Monday, April 1, 2013
Thank you for your kind words on my last post. Mental health and self care and recovery and survival are really fucking hard. And really fucking vital. So I'm going to continue talking about it as honestly as I can.
Over the past year and a half since moving to Regina my mental health has gotten worse and worse, to the point where I think I'm having the same feelings and thoughts I did at 15 and 16, pre-diagnosis/treatment/counseling. To feel that so much hard work to "get better" had been wasted is really scary. I think there are a lot of reasons why it's gotten to this point and while I'd like to blame it entirely on the lack of mental health care in this city (oh my god is it lacking) I've also postponed trying to access services more than I should have. Moving to a new city was a huge signifier of a adulthood, and it's so ingrained that being depressed and/or having the desire to self harm are only for teenagers, and people should just grow out of those feelings. And sometimes it feels like if you can just convince yourself hard enough that things are okay, that you are not actually that crazy, then these things will be true. Which is really just a long, roundabout way to say that I had secretly hoped that I could (and should) just get over my mental illness.

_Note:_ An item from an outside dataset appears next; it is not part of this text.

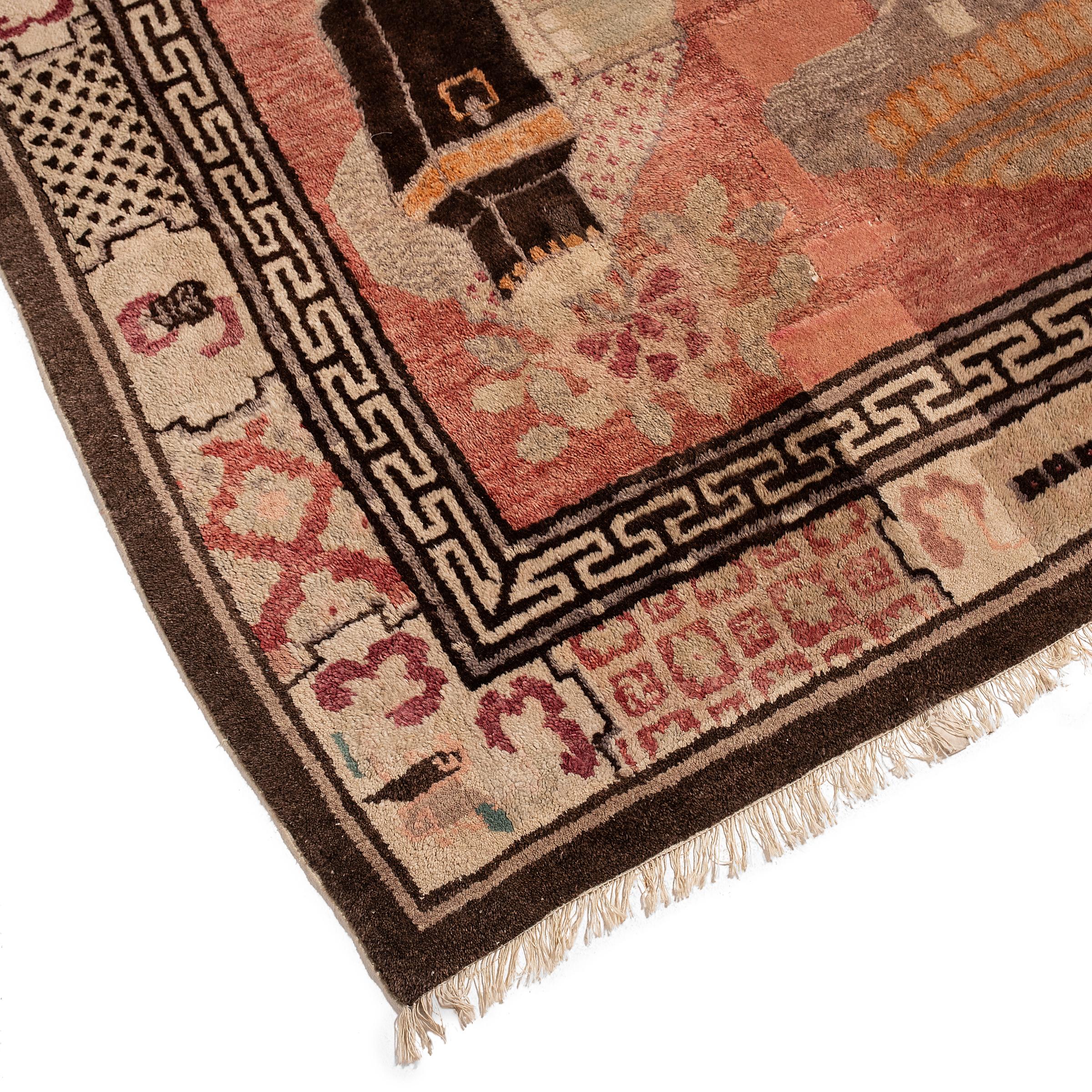 Antique Chinese Scholars' Object Carpet, c. 1930 In Good Condition For Sale In Chicago, IL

This is not to say that the poor mental health care in this city hasn't also been a huge problem. It is really frustrating to, while experiencing deep depression, try to make all the right phone calls to all the right people and still get no where. I think that being able to say "these feelings are overwhelming, I want to remain safe, I want to access help" is so incredibly powerful and being met with absolutely nothing in return is awful. Regina does not have enough psychiatrists, psychologists, or counselors of any kind. The waiting time with the health region's mental health clinic can take over a year, but after a year without any service they close your file. Total catch 22. After 9 months of waiting I got an appointment with a psychiatrist who changed my medications without a follow-up. A few week later I was CC'd a letter that stated that I "no longer needed psychiatric care" (as if I had gotten any at all). I was filled with rage and burst into tears, and still feel like that appointment and letter did more harm than good.

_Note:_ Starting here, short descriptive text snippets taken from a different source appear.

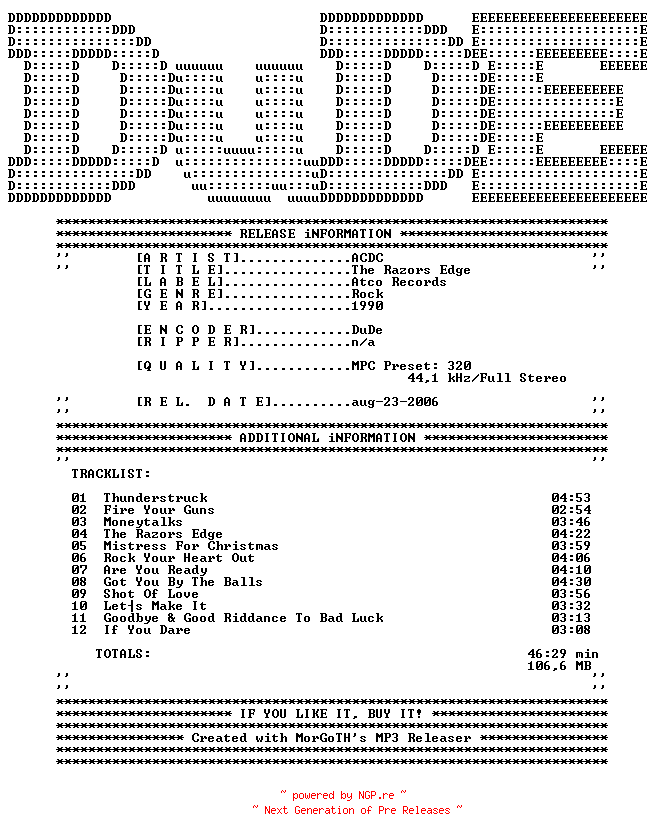 NFO for the release AC-DC-The_Razors_Edge-1990-DuDE by DuDE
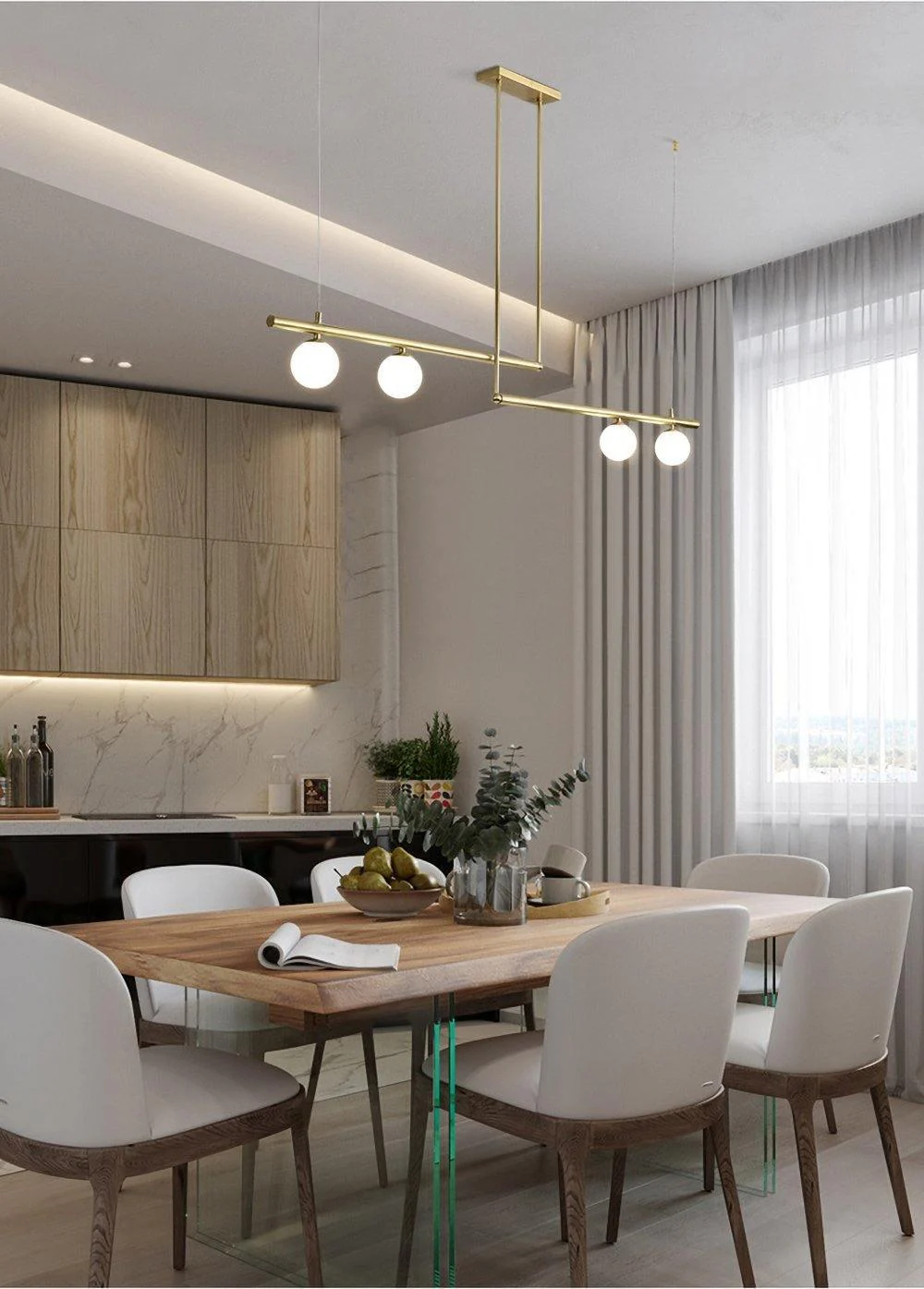 Solara Pendant Lamp Brass Linear Satellite Minimalist - Image 5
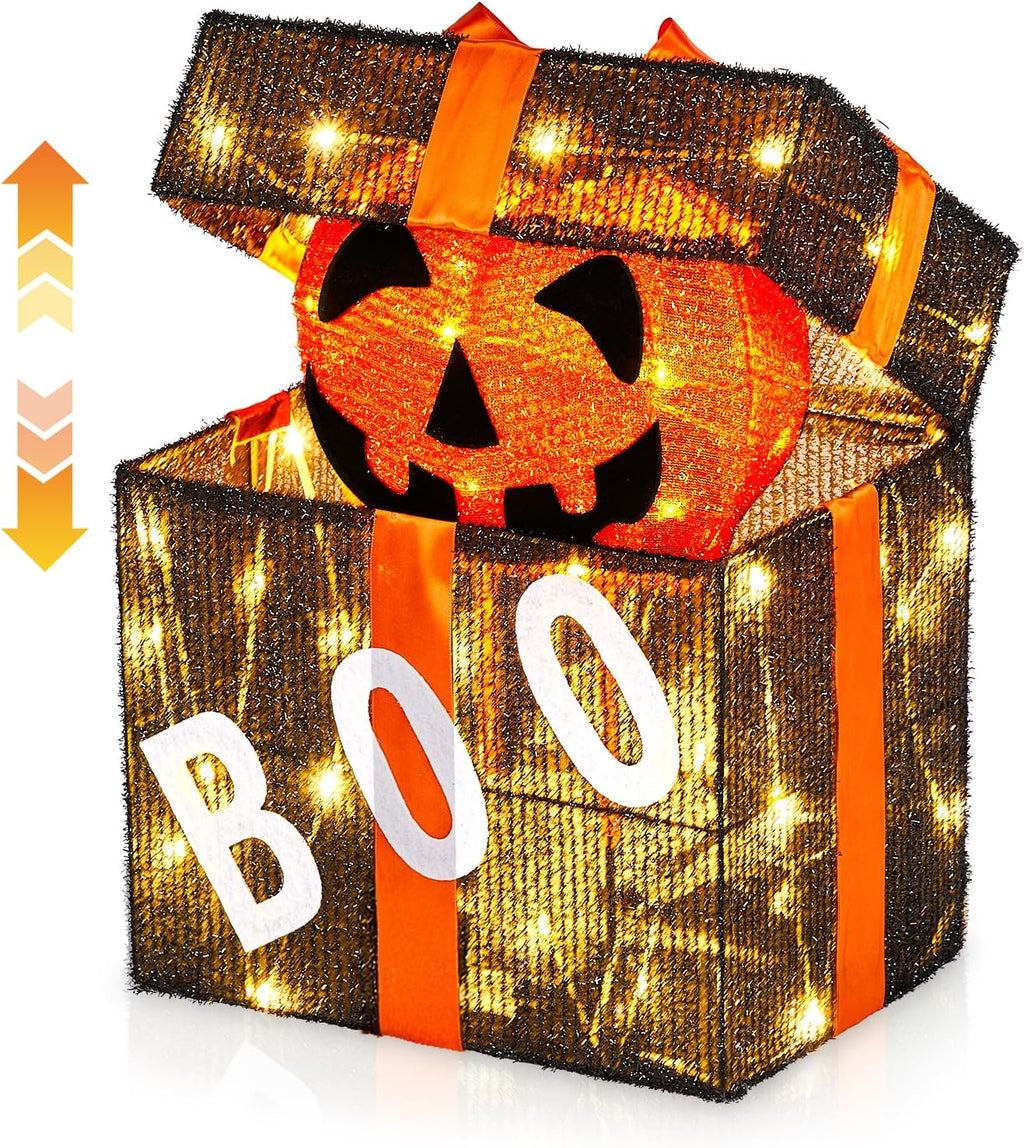 Outvita 2PC Halloween Collapsible Pumpkin Decoration, 150 LED Pop-Up Pumpkin Lamp with Star Cap, 3FT Plug in Halloween Lantern with Metal Stand for Indoor Outdoor Garden Patio Party Decor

This is really just an example as to how frustrating trying to access mental health care can be. I certainly don't mean to suggest that it's easy in any Canadian city, but in Regina the services just do not exist and that is endlessly frustrating. Still, survival and recovery are my top priorities right now, and after a lot of patience and an unfortunate hospital visit, I actually have a referral to a psychiatrist for the first week in July. I've also started seeing someone through my university's counseling services, and I hope I'll be able to see a counselor on a weekly basis, at least for a while. This sort of mental health care isn't right for everyone, but it's something I need right now, so I'm gritting my teeth and practicing patience and doing everything I can to survive. I am surviving, and sometimes that's the most important thing.